Ingin Bertemu SBY, Lelaki Ini Mencari Keadilan  

Reporter

Editor

Rabu, 14 Maret 2012 08:28 WIB

Indra Azwan. TEMPO/Aditia Noviansyah

TEMPO.CO, Jakarta - Ia mirip lelaki dalam cerita pendek The Old Man and the Sea karya Ernest Hemingway. Tubuhnya mulai menua. Sisa-sisa keperkasaan mulai luntur. Setiap pagi dia harus menatap hari-hari yang murung dan tak bersahabat.

Tapi, Indra Azwan, sang lelaki itu, bukanlah nelayan seperti tokoh dalam cerpen tersebut. Dia juga tak menghabiskan kesialannya di tengah laut. Kepedihan hatinya membawa Indra ke jalan raya.
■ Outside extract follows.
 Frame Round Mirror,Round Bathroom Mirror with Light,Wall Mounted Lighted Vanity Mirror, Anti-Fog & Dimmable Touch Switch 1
Warga Blimbing, Malang, Jawa Timur, itu selama 19 tahun mencari keadilan atas kasus tabrak lari yang menimpa anaknya, Rifki Andika, 12 tahun, pada 1993. Kasus itu tak menggantung.
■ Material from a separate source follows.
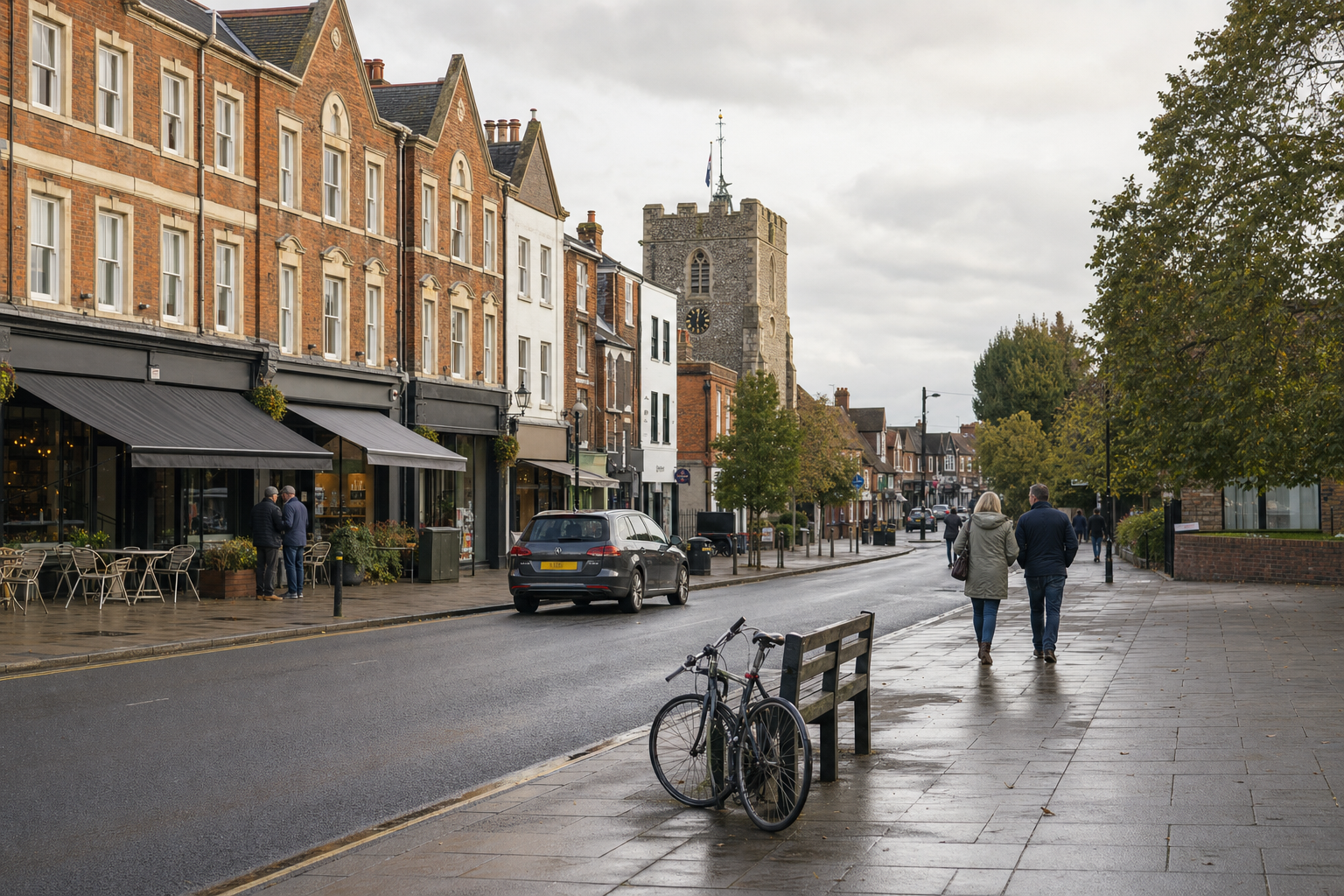 A couple walks along a wet street lined with shops, a church tower in the background, and a bicycle parked by a bench.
Itu yang membuatnya kembali menjalani ritual jalan kaki dari Malang menuju Jakarta dengan satu tekad: menuntut keadilan dari Presiden Susilo Bambang Yudhoyono. "Dia ingin mengembalikan uang Rp 25 juta pemberian Pak Presiden," kata Beti, istri Indra.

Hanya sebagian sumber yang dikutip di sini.